I am still lost. Here is my code:
CloudDeploy[
APIFunction[{"textSample" -> "String", "urlTarget" -> "URL"}, checkURL, "JSON" &];
checkURL = {If[urlTarget != "",
checkSample,
"Empty URL Parameter"]};
checkSample = {If[textSample != "",
func,
"Empty Text Sample Parameter"]};
func = {
excludeList = {"cart", "checkout", "thank-you", "login"} ,
UrlList = Commonest[
DeleteCases[
Import[urlTarget, "HyperLinks"],
{!= urlTarget, excludeList}], 20],
texts = Import /@ urlList,
c = Classify[texts -> urlList],
c[textSample, "Probabilities"]
};
]
I don't know if this is the right way to accomplish my goal.

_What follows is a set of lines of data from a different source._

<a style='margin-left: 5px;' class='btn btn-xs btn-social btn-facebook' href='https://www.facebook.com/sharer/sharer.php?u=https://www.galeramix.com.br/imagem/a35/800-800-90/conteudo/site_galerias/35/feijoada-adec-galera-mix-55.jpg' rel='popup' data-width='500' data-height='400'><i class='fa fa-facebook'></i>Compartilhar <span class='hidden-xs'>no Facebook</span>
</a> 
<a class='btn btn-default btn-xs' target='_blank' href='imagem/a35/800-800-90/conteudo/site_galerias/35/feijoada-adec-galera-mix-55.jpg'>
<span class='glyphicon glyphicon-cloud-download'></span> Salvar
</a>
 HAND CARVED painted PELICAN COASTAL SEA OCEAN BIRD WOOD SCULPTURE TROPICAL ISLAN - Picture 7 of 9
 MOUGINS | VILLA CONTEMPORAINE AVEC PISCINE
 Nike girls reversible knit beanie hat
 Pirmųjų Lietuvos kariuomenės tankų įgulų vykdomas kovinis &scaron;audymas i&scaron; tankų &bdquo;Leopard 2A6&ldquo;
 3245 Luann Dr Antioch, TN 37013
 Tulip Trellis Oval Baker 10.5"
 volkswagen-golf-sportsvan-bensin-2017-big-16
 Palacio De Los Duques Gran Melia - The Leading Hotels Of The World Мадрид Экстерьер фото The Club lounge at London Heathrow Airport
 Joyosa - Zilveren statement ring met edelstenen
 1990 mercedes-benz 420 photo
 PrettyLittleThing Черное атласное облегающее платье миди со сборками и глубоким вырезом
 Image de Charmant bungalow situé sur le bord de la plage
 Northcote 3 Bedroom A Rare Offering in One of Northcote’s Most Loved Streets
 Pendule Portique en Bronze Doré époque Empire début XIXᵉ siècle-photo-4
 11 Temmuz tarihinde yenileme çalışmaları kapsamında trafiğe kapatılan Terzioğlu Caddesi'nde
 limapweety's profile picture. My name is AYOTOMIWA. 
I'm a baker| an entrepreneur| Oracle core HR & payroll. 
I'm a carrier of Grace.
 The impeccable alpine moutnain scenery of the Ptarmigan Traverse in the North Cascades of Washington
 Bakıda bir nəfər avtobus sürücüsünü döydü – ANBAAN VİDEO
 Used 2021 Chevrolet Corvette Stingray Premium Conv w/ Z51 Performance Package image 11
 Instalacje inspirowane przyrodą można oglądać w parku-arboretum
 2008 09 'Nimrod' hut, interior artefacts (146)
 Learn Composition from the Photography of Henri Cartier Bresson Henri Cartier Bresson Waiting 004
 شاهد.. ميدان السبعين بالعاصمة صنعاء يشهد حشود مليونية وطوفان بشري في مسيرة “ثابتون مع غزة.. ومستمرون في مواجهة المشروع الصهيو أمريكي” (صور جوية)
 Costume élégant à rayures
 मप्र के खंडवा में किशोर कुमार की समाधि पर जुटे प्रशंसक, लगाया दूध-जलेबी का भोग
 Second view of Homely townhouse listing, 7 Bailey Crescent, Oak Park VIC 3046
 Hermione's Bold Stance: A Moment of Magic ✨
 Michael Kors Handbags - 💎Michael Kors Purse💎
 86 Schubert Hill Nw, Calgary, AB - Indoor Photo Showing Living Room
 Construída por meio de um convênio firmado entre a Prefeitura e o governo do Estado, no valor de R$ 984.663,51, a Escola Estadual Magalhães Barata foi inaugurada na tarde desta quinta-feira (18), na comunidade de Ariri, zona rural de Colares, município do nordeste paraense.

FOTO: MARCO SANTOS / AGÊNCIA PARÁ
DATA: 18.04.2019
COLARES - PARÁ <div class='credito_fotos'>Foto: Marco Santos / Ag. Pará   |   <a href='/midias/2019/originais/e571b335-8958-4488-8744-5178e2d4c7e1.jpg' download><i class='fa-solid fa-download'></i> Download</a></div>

I want this to be an API where I can pass info to it via parameter and receive a "JSON" or "TEXT" response that includes probability scores.
I want to exclude links that don't contain the urlTarget. This would exclude outbound links, etc. Also I want a to exclude urls that contain any of a list of exclude words. And, I just want to classify the most common appearing links.
I am a little concerned it will try to run a full classification on it every time we hit the API. Is there a way to save a trained model or cache it or something if the URL parameter is the same each time?